洗完澡出来,厨房已经收拾干净,只剩下空气中淡淡的洗洁精柠檬味。顾屿正坐在沙发里,膝盖上摊着一本医学期刊,却没看,只是望着窗外漆黑的夜色发呆。听到声音,他转过头。
“洗好了?”他问,合上期刊。
“嗯。”江辰擦着头发,在他旁边坐下。沙发微微陷下去,两人的体温隔着衣料,无声地交融。
“江辰。”顾屿叫了他一声。
“嗯?”
“下次,”顾屿转过头,看着他,眼神很深,带着不容错辨的认真和一丝几不可察的后怕,“再去见这种线人,告诉我一声。不用说什么,就告诉我一声。让我知道你去哪儿了,大概多久。”
不是质问,不是限制,是一种沉甸甸的、关乎生死的托付和请求。
江辰擦头发的手停住了。他看着顾屿的眼睛,那里面的情绪太浓,太真,几乎要将他淹没。他想起自己设定的那个定时提醒,想起顾屿发来的那个“好”和一个小房子表情。
许久,他几不可察地点了下头,喉咙有些发干:“……好。”
顾屿像是松了口气,眼底那点紧绷的东西散去了。他伸手,揉了揉江辰半干的头发,力道很轻,带着熟悉的、令人安心的温柔。“乖。”
然后,他收回手,重新拿起那本期刊,却依然没看,只是拿在手里。“那个护士……”他忽然又开口,声音低了些,“她吓得那么厉害,除了怕赵主任和医院,是不是还说了别的?比如……赵主任有什么‘背景’?”
江辰的心微微一凛。顾屿太敏锐。他沉默了两秒,才说:“提了一句,没细说。”
顾屿点点头,没再追问,只是看着期刊封面,眼神有些飘远。“仁和的赵主任……我听说过一些。医术是有的,但路子也野。早些年好像差点因为违规操作被处理,后来不知怎么摆平了,还升了主任。他在卫生系统里,好像有些说不清道不明的关系。”他顿了顿,看向江辰,语气平静,却字字千斤,“江辰,这个案子,你动的可能不止是一个医生,一家医院。你想清楚了吗?”
想清楚了吗?
江辰看着顾屿。客厅温暖的灯光落在他脸上,勾勒出他清晰的眉骨和挺直的鼻梁。他眼里有担忧,有关切,但没有任何劝阻的意思。他只是把最坏的可能摊开在他面前,让他自己选。
江辰转回头,也看向窗外。雨彻底停了,玻璃上凝结着细密的水珠,倒映着屋内温暖的灯火,和两人依偎在沙发上的模糊影子。
“接了,就得做到底。”他听见自己说,声音不高,却像砸在寂静里的石子,沉甸甸的。
顾屿没说话。几秒钟后,江辰感觉到肩膀一沉——顾屿靠了过来,脑袋轻轻搁在他肩头。温热的呼吸拂过他颈侧的皮肤,带着沐浴后干净清爽的气息,和一点点疲惫的依赖。

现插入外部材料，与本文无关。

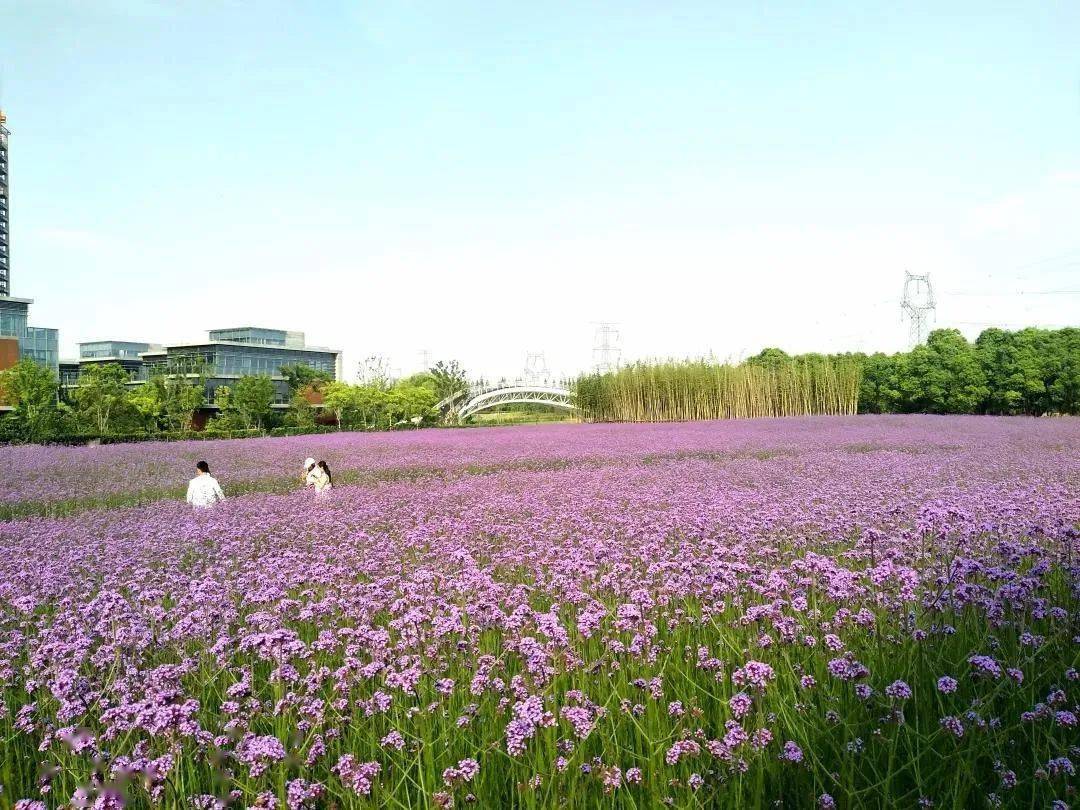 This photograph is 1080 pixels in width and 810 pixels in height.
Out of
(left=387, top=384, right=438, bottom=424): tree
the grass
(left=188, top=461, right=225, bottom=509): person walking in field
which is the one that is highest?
(left=387, top=384, right=438, bottom=424): tree

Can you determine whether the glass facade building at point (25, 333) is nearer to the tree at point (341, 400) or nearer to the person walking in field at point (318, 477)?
the tree at point (341, 400)

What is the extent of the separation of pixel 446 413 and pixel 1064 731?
6339 cm

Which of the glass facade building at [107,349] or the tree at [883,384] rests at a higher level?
the glass facade building at [107,349]

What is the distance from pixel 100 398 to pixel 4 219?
10264 cm

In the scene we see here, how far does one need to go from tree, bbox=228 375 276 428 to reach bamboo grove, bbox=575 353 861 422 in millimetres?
20846

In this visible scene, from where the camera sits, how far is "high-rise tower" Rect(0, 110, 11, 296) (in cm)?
11338

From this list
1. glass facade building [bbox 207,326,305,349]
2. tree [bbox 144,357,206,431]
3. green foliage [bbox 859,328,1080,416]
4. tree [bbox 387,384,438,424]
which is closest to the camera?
tree [bbox 144,357,206,431]

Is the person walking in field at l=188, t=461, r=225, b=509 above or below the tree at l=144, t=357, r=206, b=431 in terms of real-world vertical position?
below

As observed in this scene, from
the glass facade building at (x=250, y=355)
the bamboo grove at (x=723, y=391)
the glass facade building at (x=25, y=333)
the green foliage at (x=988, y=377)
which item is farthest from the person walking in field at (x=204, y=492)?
the glass facade building at (x=25, y=333)

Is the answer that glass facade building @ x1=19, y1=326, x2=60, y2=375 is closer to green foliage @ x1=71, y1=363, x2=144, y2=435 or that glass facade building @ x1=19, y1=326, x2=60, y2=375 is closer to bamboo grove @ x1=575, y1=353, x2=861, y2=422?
green foliage @ x1=71, y1=363, x2=144, y2=435

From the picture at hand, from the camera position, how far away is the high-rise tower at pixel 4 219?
372ft

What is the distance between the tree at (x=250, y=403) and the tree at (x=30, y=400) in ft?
30.4

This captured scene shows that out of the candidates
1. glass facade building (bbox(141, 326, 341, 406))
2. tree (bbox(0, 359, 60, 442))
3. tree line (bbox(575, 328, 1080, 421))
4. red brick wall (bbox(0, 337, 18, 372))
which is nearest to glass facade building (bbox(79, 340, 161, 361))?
glass facade building (bbox(141, 326, 341, 406))

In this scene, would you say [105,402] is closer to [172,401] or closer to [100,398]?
[100,398] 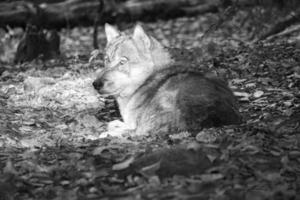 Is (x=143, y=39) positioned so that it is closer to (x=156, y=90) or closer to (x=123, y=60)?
(x=123, y=60)

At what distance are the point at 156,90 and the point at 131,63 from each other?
0.60 metres

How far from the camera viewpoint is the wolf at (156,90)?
5.87m

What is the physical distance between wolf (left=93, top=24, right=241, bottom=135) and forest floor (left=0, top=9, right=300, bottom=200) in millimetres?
229

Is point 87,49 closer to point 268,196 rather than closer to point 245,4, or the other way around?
point 245,4

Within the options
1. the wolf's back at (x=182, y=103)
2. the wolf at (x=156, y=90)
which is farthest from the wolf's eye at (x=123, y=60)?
the wolf's back at (x=182, y=103)

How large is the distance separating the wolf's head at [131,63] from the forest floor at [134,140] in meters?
0.62

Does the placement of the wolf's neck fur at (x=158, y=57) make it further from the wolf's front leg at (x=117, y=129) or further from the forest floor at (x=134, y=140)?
the forest floor at (x=134, y=140)

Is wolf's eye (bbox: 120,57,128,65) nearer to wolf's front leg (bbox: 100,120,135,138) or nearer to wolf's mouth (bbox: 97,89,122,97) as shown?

“嗯。”顾屿应了一声,很轻,却带着同样沉甸甸的分量,“做到底。我在这儿。”
没有豪言壮语,没有热血沸腾。只有一句“我在这儿”,和一个依靠着肩膀的、温热的重量。
但这比任何誓言都更有力。
窗外的城市,在雨后湿润的夜空下静静呼吸。远处偶尔有车灯划过,像流星。
屋内,灯光温暖,呼吸相闻。
一场更艰险、更复杂的战役,已然拉开序幕。
但这一次,他知道,他不是一个人。
身边有温度,手中有方向,心中有必须走下去的理由。
这就够了。
江辰闭上眼,感受着肩头真实的重量和温度,缓缓地、彻底地,放松下来。
夜色还长。
但至少此刻,他们彼此依靠,足以抵御窗外一切深沉的寒意,和未来所有未知的风雨。